__INPUT DATA__
• • • •
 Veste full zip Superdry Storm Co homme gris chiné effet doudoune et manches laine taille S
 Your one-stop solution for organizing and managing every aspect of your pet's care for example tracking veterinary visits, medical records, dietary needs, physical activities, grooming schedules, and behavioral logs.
• • • •
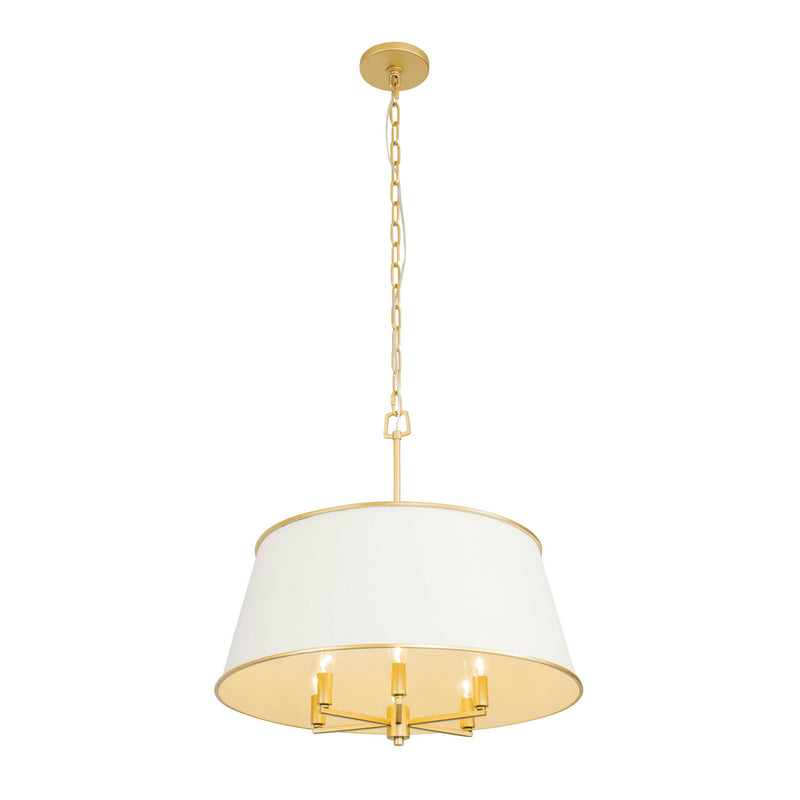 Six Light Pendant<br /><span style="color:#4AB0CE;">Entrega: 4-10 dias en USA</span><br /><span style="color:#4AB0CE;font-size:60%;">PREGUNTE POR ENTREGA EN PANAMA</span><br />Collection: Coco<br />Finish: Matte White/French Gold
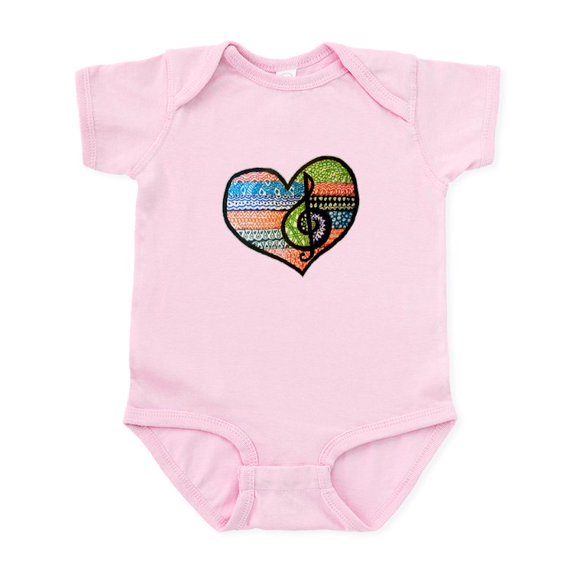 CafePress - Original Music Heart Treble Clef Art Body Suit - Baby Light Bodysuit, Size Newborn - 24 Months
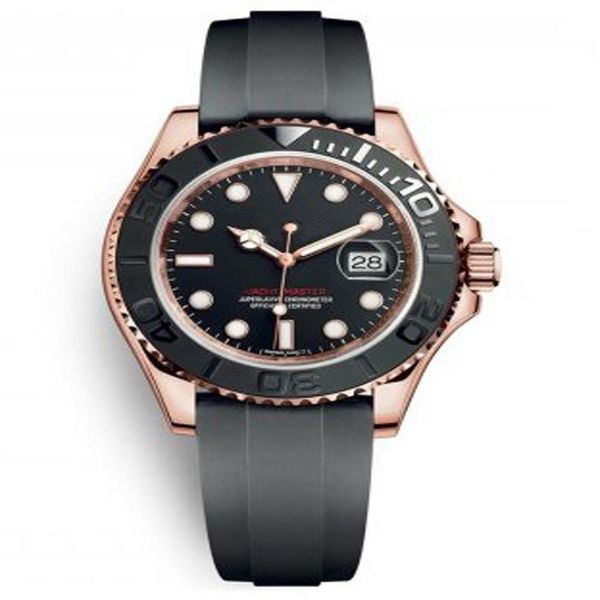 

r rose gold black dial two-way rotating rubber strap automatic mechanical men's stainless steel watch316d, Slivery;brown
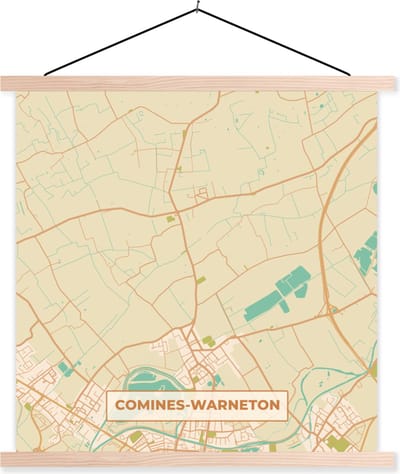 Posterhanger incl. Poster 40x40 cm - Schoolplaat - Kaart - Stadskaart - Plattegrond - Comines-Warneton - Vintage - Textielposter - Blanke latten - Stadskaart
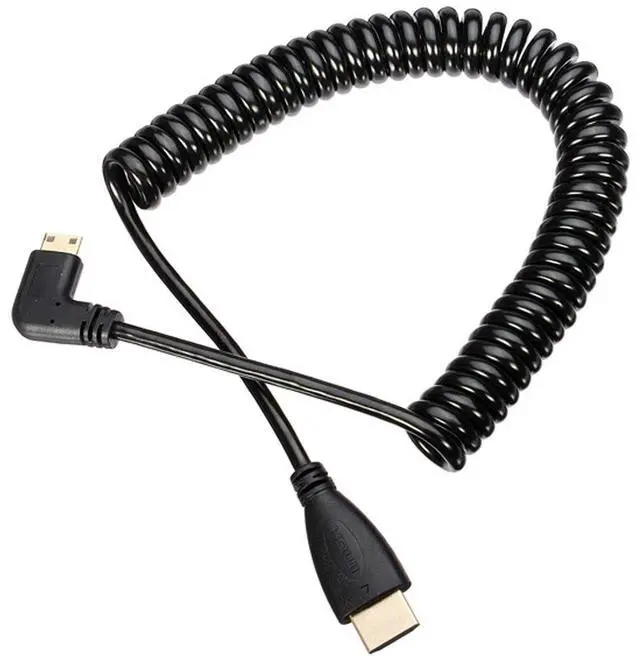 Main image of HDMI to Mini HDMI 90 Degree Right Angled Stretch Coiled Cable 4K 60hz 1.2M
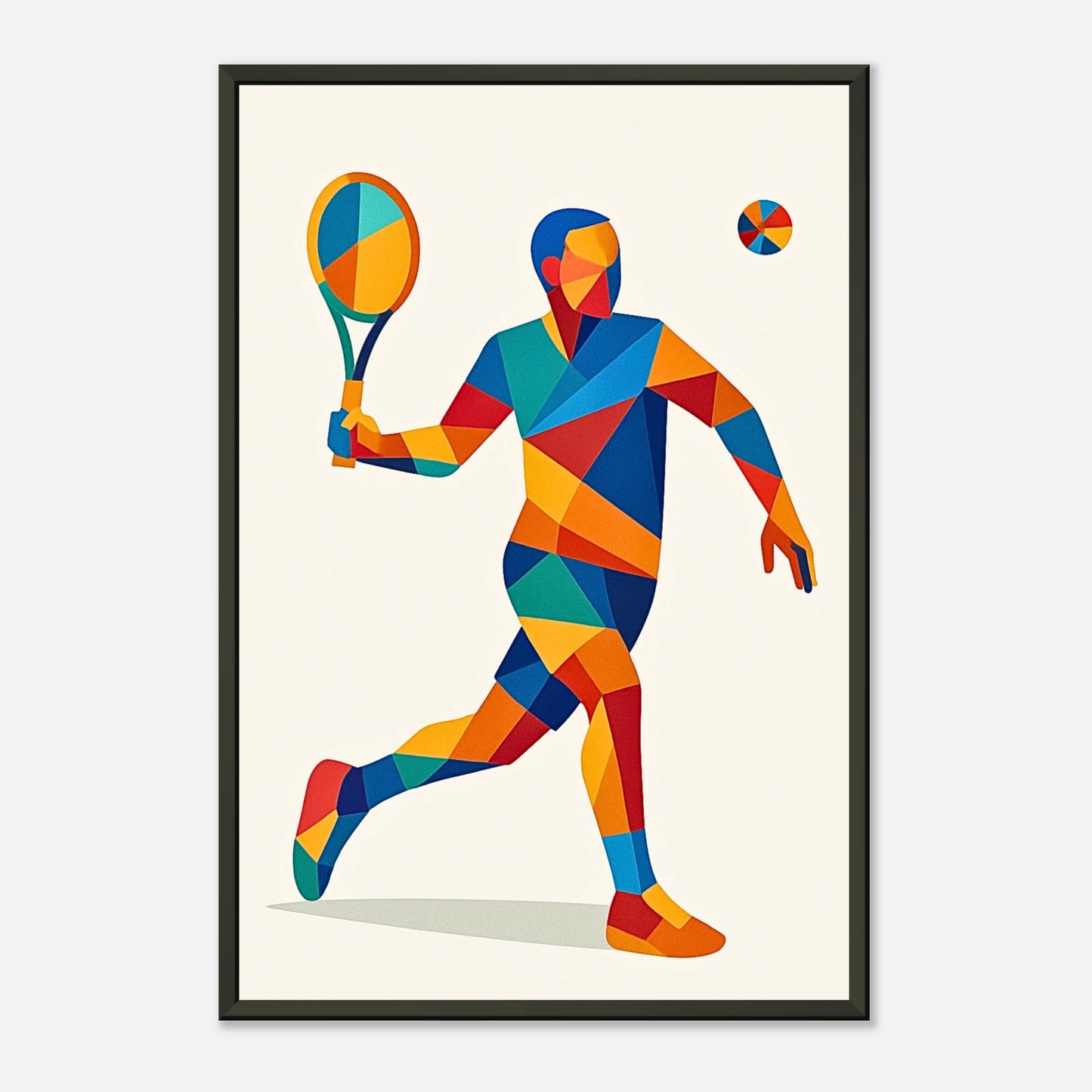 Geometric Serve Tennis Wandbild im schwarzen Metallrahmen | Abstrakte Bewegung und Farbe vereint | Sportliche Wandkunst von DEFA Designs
• • • •
__WHAT TO WORK ON__
Look through the material above. Transcribe exactly the lines between the ones with "Main image of" and "Geometric Serve Tennis", inclusive, and keep pictures out.

__THE ANSWER__
 Main image of HDMI to Mini HDMI 90 Degree Right Angled Stretch Coiled Cable 4K 60hz 1.2M
 Geometric Serve Tennis Wandbild im schwarzen Metallrahmen | Abstrakte Bewegung und Farbe vereint | Sportliche Wandkunst von DEFA Designs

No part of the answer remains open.